+++ Records to use +++
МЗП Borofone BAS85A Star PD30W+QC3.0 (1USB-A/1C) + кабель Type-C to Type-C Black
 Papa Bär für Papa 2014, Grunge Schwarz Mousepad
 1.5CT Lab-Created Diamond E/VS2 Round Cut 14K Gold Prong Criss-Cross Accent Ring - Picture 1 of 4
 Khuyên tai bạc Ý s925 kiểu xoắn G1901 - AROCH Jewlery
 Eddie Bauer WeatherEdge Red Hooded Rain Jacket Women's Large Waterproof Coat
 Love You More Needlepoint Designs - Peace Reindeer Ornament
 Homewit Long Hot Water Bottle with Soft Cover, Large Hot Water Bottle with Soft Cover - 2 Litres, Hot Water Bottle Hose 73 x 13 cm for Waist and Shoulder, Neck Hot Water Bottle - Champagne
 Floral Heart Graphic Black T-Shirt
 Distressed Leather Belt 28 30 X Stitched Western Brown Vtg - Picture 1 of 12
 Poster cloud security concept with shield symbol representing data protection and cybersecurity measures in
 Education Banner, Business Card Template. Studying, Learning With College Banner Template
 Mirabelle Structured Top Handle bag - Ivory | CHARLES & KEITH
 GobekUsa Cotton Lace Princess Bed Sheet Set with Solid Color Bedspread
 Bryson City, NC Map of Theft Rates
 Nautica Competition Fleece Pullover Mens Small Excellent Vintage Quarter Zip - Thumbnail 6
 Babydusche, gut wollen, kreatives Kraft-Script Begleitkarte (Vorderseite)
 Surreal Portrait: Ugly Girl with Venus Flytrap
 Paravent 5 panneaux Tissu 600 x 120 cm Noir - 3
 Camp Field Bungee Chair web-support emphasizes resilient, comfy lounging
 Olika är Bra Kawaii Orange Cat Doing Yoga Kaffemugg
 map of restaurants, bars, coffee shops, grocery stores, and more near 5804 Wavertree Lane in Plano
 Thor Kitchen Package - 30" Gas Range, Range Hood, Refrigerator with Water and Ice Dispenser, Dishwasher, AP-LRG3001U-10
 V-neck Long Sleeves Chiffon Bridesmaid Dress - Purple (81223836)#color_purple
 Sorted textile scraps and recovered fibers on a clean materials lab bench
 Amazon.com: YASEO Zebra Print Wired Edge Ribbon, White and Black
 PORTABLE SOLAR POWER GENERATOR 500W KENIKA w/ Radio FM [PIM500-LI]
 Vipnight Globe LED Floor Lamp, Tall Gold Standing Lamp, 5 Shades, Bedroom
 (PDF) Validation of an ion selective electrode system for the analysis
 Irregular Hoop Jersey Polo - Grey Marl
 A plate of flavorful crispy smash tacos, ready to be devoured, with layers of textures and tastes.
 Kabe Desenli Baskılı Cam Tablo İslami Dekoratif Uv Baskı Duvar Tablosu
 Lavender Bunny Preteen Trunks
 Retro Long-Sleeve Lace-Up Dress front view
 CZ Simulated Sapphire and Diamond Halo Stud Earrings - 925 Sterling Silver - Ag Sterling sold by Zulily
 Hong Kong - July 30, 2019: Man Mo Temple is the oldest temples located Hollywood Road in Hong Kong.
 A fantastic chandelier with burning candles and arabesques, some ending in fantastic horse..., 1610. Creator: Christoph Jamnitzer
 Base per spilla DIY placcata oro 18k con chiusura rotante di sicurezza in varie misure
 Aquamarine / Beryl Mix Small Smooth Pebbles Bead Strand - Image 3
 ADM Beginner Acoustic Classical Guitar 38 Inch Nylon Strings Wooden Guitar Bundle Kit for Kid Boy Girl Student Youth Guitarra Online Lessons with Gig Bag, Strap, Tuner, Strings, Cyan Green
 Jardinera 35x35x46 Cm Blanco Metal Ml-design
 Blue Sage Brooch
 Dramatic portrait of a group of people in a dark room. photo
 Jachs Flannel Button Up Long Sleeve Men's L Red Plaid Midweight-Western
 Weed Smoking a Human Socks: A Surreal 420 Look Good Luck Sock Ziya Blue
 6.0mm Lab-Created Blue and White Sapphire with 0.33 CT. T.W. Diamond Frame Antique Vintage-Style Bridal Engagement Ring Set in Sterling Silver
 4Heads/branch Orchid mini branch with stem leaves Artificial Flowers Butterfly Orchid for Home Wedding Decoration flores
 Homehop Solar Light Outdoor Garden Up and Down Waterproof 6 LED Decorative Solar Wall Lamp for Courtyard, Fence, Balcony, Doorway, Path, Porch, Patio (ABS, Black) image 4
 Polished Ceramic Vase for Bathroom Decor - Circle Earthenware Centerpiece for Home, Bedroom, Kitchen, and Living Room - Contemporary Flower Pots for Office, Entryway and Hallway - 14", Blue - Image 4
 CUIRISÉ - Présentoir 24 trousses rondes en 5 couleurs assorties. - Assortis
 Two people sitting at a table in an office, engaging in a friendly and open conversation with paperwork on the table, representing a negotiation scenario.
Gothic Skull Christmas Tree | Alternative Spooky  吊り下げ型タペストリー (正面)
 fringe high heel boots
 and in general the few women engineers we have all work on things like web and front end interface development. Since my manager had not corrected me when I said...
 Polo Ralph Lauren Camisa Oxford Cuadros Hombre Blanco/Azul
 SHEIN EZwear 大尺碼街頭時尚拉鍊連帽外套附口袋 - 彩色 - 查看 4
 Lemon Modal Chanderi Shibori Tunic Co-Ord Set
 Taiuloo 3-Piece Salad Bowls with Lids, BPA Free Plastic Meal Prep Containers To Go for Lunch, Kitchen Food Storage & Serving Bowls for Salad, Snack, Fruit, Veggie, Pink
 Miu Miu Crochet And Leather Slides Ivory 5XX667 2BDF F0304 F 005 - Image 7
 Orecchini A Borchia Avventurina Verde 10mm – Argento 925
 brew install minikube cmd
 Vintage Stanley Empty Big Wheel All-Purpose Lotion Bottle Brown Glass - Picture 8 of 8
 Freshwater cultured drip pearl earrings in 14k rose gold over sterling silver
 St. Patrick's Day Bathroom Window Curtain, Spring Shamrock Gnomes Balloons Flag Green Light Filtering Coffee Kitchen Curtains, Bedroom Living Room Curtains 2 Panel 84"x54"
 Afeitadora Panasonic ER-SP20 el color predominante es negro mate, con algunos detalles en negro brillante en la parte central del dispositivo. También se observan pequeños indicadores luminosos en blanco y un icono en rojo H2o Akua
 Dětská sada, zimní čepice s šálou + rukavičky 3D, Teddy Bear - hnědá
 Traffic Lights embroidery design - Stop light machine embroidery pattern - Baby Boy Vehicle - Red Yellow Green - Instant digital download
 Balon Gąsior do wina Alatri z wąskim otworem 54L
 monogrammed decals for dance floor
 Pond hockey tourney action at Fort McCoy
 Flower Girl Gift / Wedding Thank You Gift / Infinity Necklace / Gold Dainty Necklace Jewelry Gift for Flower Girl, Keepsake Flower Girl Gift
+++
Once you find the line with "Retro Long-Sleeve Lace-Up Dress front view" in the entries above, output it and each line after it up to and including the line with "Lemon Modal Chanderi", and nothing else.

 Retro Long-Sleeve Lace-Up Dress front view
 CZ Simulated Sapphire and Diamond Halo Stud Earrings - 925 Sterling Silver - Ag Sterling sold by Zulily
 Hong Kong - July 30, 2019: Man Mo Temple is the oldest temples located Hollywood Road in Hong Kong.
 A fantastic chandelier with burning candles and arabesques, some ending in fantastic horse..., 1610. Creator: Christoph Jamnitzer
 Base per spilla DIY placcata oro 18k con chiusura rotante di sicurezza in varie misure
 Aquamarine / Beryl Mix Small Smooth Pebbles Bead Strand - Image 3
 ADM Beginner Acoustic Classical Guitar 38 Inch Nylon Strings Wooden Guitar Bundle Kit for Kid Boy Girl Student Youth Guitarra Online Lessons with Gig Bag, Strap, Tuner, Strings, Cyan Green
 Jardinera 35x35x46 Cm Blanco Metal Ml-design
 Blue Sage Brooch
 Dramatic portrait of a group of people in a dark room. photo
 Jachs Flannel Button Up Long Sleeve Men's L Red Plaid Midweight-Western
 Weed Smoking a Human Socks: A Surreal 420 Look Good Luck Sock Ziya Blue
 6.0mm Lab-Created Blue and White Sapphire with 0.33 CT. T.W. Diamond Frame Antique Vintage-Style Bridal Engagement Ring Set in Sterling Silver
 4Heads/branch Orchid mini branch with stem leaves Artificial Flowers Butterfly Orchid for Home Wedding Decoration flores
 Homehop Solar Light Outdoor Garden Up and Down Waterproof 6 LED Decorative Solar Wall Lamp for Courtyard, Fence, Balcony, Doorway, Path, Porch, Patio (ABS, Black) image 4
 Polished Ceramic Vase for Bathroom Decor - Circle Earthenware Centerpiece for Home, Bedroom, Kitchen, and Living Room - Contemporary Flower Pots for Office, Entryway and Hallway - 14", Blue - Image 4
 CUIRISÉ - Présentoir 24 trousses rondes en 5 couleurs assorties. - Assortis
 Two people sitting at a table in an office, engaging in a friendly and open conversation with paperwork on the table, representing a negotiation scenario.
Gothic Skull Christmas Tree | Alternative Spooky  吊り下げ型タペストリー (正面)
 fringe high heel boots
 and in general the few women engineers we have all work on things like web and front end interface development. Since my manager had not corrected me when I said...
 Polo Ralph Lauren Camisa Oxford Cuadros Hombre Blanco/Azul
 SHEIN EZwear 大尺碼街頭時尚拉鍊連帽外套附口袋 - 彩色 - 查看 4
 Lemon Modal Chanderi Shibori Tunic Co-Ord Set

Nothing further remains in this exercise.